As linked elsewhere here, tight loops that never preempt are being fixed in Go 1.8/1.9[0]. Looks like a flag may been added to Go 1.8 called "GOEXPERIMENT=preemptibleloops" that adds a preemptible point at the end of a loop. It's behind a flag for performance/testing reasons, but they are working on it.

[0] https://github.com/golang/go/issues/10958


Won't pre-emptible loops lead to more irreproducible race conditions as a negative consequence, unless the preemption is done deterministically?


Are you asking about BEAM or Go? Preemption already works in BEAM and doesn't lead to race conditions because of nothing shared concurrency.


I was asking about Go. I understand BEAM's advantages in that area


There are libraries that allow C programs and Java programs to interact with Erlang as though they were Erlang processes. From the Erlang Interoperability guide: http://erlang.org/doc/tutorial/overview.html#id61008

The team at Github took another approach, described here: https://github.com/blog/531-introducing-bert-and-bert-rpc It's an old article - so I no idea if it's still in use. The Github sources haven't been updated since 2010.

I don't know how effective it is to chuck around 8MB data structures via message-passing. I have no experience of this myself.


> I don't know how effective it is to chuck around 8MB data structures via message-passing.

It's my understanding that above a certain size and within the same running Erlang VM (machine), a reference is passed instead of a full copy.


only for binaries. But if your matrix is mainly modified outside of erlang, it may make sense to only use it as an opaque binary inside.


Or compile Elixir to native code with HiPE by adding:

    @compile [:native, {:hipe, [:verbose, :o3]}]
to the top of the module with the arithmetic. It might not be as performant as C but it can be about 10-15X more performant than pure elixir (in my tests anyway).

I've no idea of the relative performance against numpy...


You can write NIFs in Rust (which is made even simpler by supporting libraries like Rustler). scrogson, for instance, is using this to fiddle with lower-overhead json.

Re: supervising external processes, an easy hack if you're writing the processes is to add a deadman's switch to both sides, and then launch the processes from a port in BEAM-land.

This effectively makes them supervised; kill the beam process and the external process will die, and whether they both get relaunched depends on the restart strategy the supervisor launched the child with.

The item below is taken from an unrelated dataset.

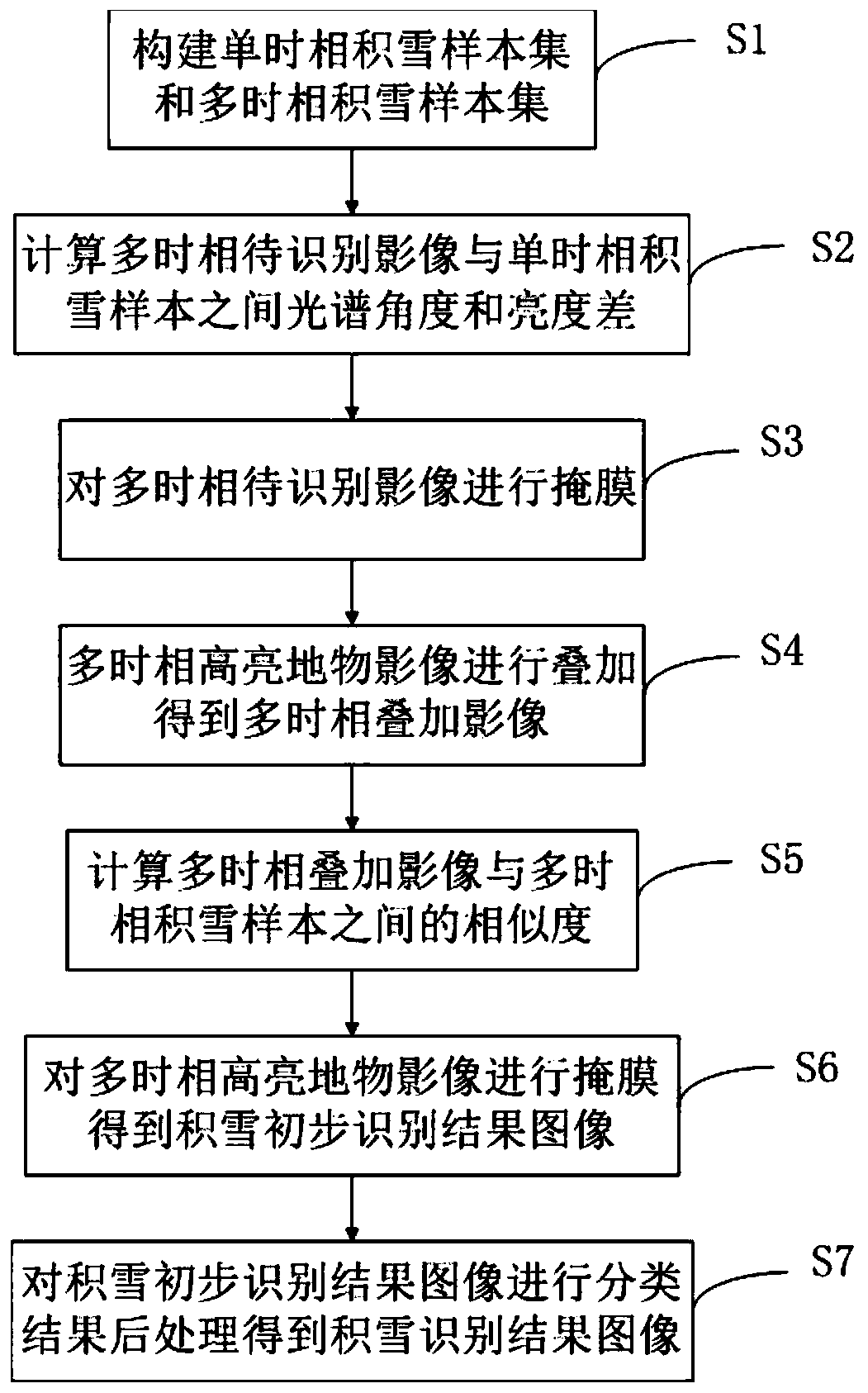 A snow cover recognition method and system for synchronous satellite remote sensing sequence images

Another solution is to make your non-erlang process run as a foreign erlang node ( example of a Go library to implement this : https://github.com/goerlang/node ). There are some other messaging libraries for python and ruby that do exist for this.


It's doable. Erlang is used to talk to the hardware and C code. Can build a C functions (NIF), an driver (for IO for example), spawn a process, or implement the logic of Erlang distribution protocol (what is used to talk between VMs) in C.

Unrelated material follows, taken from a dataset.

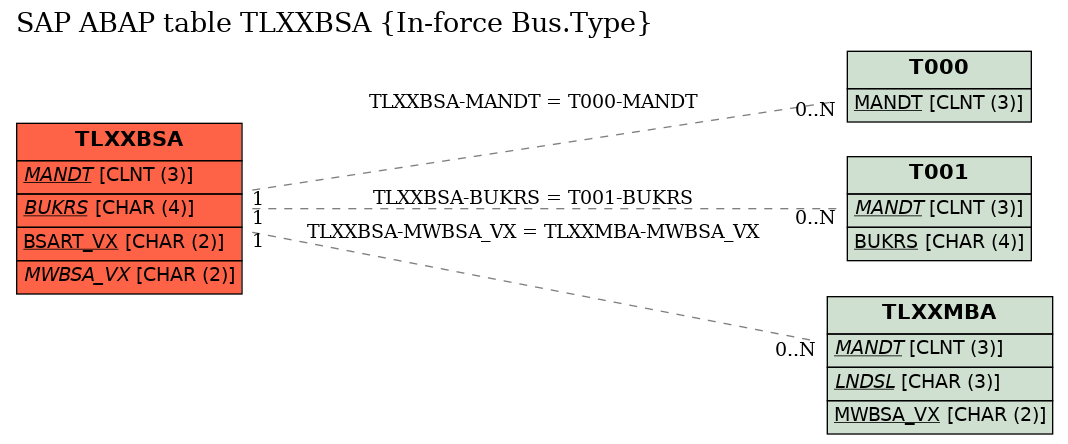 E-R Diagram for table TLXXBSA (In-force Bus.Type)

With 20.0 coming up it will be even easier. A nifty feature called "dirty schedulers" will become stable and so building long-running calculation in C will be much easier. Previously had to take care not to block the running scheduler thread.

All-in-all Erlang is really good at connecting to and managing things, C and hardware being one of those things.


Very easy - many solutions to do just this. Porcelain is one such library for Elixir that lets you call C executables, interact with CLIs. I have a lib called pricing on my github that uses the lib to price options using a simple C executable.


You may want to have a look at talks like this one

https://www.youtube.com/watch?v=xj3smNjGLaE It is a common pattern to use erlang has a controller plane.


This has been a very informative sub-thread. Many thanks to all contributors for your thoughts and experience. You have helped to move me forward in confidence on using Erlang/Elixir(basically BEAM) for the distribution and routing side of my enterprise-scale soft realtime data-interpretation project. A great testament to the quality of contributors on HN. I will post at a later stage on progress.